→ Exercise goal: The expected result is every entry, retyped character for character.

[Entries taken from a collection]
◇ ◇ ◇ ◇ ◇

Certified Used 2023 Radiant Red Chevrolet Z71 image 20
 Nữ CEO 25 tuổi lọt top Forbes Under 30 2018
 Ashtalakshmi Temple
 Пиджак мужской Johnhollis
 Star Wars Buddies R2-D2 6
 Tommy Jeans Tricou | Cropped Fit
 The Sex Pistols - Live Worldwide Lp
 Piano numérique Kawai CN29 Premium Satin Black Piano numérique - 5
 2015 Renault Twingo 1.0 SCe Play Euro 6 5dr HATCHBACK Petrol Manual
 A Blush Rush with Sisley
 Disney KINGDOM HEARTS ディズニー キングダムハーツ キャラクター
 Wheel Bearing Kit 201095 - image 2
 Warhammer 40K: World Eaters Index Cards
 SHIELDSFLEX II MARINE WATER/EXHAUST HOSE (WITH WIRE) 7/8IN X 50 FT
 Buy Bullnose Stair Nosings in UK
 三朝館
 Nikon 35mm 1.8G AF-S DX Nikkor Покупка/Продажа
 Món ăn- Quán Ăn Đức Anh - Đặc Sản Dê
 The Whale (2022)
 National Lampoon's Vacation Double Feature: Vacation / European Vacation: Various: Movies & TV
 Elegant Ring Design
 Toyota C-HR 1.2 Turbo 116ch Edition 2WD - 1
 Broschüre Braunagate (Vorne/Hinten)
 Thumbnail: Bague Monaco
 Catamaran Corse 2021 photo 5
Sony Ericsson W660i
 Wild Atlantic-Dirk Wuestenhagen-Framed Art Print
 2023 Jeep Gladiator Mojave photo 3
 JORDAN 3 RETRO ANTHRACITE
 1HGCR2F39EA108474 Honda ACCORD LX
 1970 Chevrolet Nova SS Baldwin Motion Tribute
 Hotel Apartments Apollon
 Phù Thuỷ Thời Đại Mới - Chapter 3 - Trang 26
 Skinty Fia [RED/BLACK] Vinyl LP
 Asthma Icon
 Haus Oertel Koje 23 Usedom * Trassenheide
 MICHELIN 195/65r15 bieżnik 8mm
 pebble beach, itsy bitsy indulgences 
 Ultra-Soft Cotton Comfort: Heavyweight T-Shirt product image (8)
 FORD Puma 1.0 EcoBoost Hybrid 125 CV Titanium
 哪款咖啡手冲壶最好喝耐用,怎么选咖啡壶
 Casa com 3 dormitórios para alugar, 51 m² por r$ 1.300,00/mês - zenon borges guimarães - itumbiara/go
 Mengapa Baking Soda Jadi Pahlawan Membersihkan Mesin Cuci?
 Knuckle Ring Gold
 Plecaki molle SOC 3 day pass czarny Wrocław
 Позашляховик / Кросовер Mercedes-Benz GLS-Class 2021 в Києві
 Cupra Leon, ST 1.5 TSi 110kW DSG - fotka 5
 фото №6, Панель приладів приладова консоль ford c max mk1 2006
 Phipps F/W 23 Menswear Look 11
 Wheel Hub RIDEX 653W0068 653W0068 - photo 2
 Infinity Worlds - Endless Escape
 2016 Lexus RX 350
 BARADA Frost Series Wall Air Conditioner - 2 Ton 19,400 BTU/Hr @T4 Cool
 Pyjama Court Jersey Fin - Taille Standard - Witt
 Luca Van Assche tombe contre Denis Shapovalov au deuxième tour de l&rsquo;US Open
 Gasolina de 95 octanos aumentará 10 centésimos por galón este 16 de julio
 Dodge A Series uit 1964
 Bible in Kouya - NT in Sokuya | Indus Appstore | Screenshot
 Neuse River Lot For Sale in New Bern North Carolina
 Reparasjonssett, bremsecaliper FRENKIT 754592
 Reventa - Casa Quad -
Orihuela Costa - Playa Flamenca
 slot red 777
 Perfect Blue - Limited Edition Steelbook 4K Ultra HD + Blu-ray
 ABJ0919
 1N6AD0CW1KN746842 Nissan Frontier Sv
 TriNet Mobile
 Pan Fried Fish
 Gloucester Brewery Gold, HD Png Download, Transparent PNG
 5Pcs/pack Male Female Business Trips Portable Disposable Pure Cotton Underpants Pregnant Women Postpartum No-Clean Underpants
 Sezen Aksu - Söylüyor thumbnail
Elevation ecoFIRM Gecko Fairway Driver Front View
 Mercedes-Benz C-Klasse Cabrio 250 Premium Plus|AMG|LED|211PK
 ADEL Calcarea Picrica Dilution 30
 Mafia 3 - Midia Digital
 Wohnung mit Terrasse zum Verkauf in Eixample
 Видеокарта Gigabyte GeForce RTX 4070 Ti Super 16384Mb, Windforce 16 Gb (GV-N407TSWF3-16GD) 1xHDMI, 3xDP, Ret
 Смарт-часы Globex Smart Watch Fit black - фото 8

◇ ◇ ◇ ◇ ◇

→ Result of the task:
Certified Used 2023 Radiant Red Chevrolet Z71 image 20
 Nữ CEO 25 tuổi lọt top Forbes Under 30 2018
 Ashtalakshmi Temple
 Пиджак мужской Johnhollis
 Star Wars Buddies R2-D2 6
 Tommy Jeans Tricou | Cropped Fit
 The Sex Pistols - Live Worldwide Lp
 Piano numérique Kawai CN29 Premium Satin Black Piano numérique - 5
 2015 Renault Twingo 1.0 SCe Play Euro 6 5dr HATCHBACK Petrol Manual
 A Blush Rush with Sisley
 Disney KINGDOM HEARTS ディズニー キングダムハーツ キャラクター
 Wheel Bearing Kit 201095 - image 2
 Warhammer 40K: World Eaters Index Cards
 SHIELDSFLEX II MARINE WATER/EXHAUST HOSE (WITH WIRE) 7/8IN X 50 FT
 Buy Bullnose Stair Nosings in UK
 三朝館
 Nikon 35mm 1.8G AF-S DX Nikkor Покупка/Продажа
 Món ăn- Quán Ăn Đức Anh - Đặc Sản Dê
 The Whale (2022)
 National Lampoon's Vacation Double Feature: Vacation / European Vacation: Various: Movies & TV
 Elegant Ring Design
 Toyota C-HR 1.2 Turbo 116ch Edition 2WD - 1
 Broschüre Braunagate (Vorne/Hinten)
 Thumbnail: Bague Monaco
 Catamaran Corse 2021 photo 5
Sony Ericsson W660i
 Wild Atlantic-Dirk Wuestenhagen-Framed Art Print
 2023 Jeep Gladiator Mojave photo 3
 JORDAN 3 RETRO ANTHRACITE
 1HGCR2F39EA108474 Honda ACCORD LX
 1970 Chevrolet Nova SS Baldwin Motion Tribute
 Hotel Apartments Apollon
 Phù Thuỷ Thời Đại Mới - Chapter 3 - Trang 26
 Skinty Fia [RED/BLACK] Vinyl LP
 Asthma Icon
 Haus Oertel Koje 23 Usedom * Trassenheide
 MICHELIN 195/65r15 bieżnik 8mm
 pebble beach, itsy bitsy indulgences 
 Ultra-Soft Cotton Comfort: Heavyweight T-Shirt product image (8)
 FORD Puma 1.0 EcoBoost Hybrid 125 CV Titanium
 哪款咖啡手冲壶最好喝耐用,怎么选咖啡壶
 Casa com 3 dormitórios para alugar, 51 m² por r$ 1.300,00/mês - zenon borges guimarães - itumbiara/go
 Mengapa Baking Soda Jadi Pahlawan Membersihkan Mesin Cuci?
 Knuckle Ring Gold
 Plecaki molle SOC 3 day pass czarny Wrocław
 Позашляховик / Кросовер Mercedes-Benz GLS-Class 2021 в Києві
 Cupra Leon, ST 1.5 TSi 110kW DSG - fotka 5
 фото №6, Панель приладів приладова консоль ford c max mk1 2006
 Phipps F/W 23 Menswear Look 11
 Wheel Hub RIDEX 653W0068 653W0068 - photo 2
 Infinity Worlds - Endless Escape
 2016 Lexus RX 350
 BARADA Frost Series Wall Air Conditioner - 2 Ton 19,400 BTU/Hr @T4 Cool
 Pyjama Court Jersey Fin - Taille Standard - Witt
 Luca Van Assche tombe contre Denis Shapovalov au deuxième tour de l&rsquo;US Open
 Gasolina de 95 octanos aumentará 10 centésimos por galón este 16 de julio
 Dodge A Series uit 1964
 Bible in Kouya - NT in Sokuya | Indus Appstore | Screenshot
 Neuse River Lot For Sale in New Bern North Carolina
 Reparasjonssett, bremsecaliper FRENKIT 754592
 Reventa - Casa Quad -
Orihuela Costa - Playa Flamenca
 slot red 777
 Perfect Blue - Limited Edition Steelbook 4K Ultra HD + Blu-ray
 ABJ0919
 1N6AD0CW1KN746842 Nissan Frontier Sv
 TriNet Mobile
 Pan Fried Fish
 Gloucester Brewery Gold, HD Png Download, Transparent PNG
 5Pcs/pack Male Female Business Trips Portable Disposable Pure Cotton Underpants Pregnant Women Postpartum No-Clean Underpants
 Sezen Aksu - Söylüyor thumbnail
Elevation ecoFIRM Gecko Fairway Driver Front View
 Mercedes-Benz C-Klasse Cabrio 250 Premium Plus|AMG|LED|211PK
 ADEL Calcarea Picrica Dilution 30
 Mafia 3 - Midia Digital
 Wohnung mit Terrasse zum Verkauf in Eixample
 Видеокарта Gigabyte GeForce RTX 4070 Ti Super 16384Mb, Windforce 16 Gb (GV-N407TSWF3-16GD) 1xHDMI, 3xDP, Ret
 Смарт-часы Globex Smart Watch Fit black - фото 8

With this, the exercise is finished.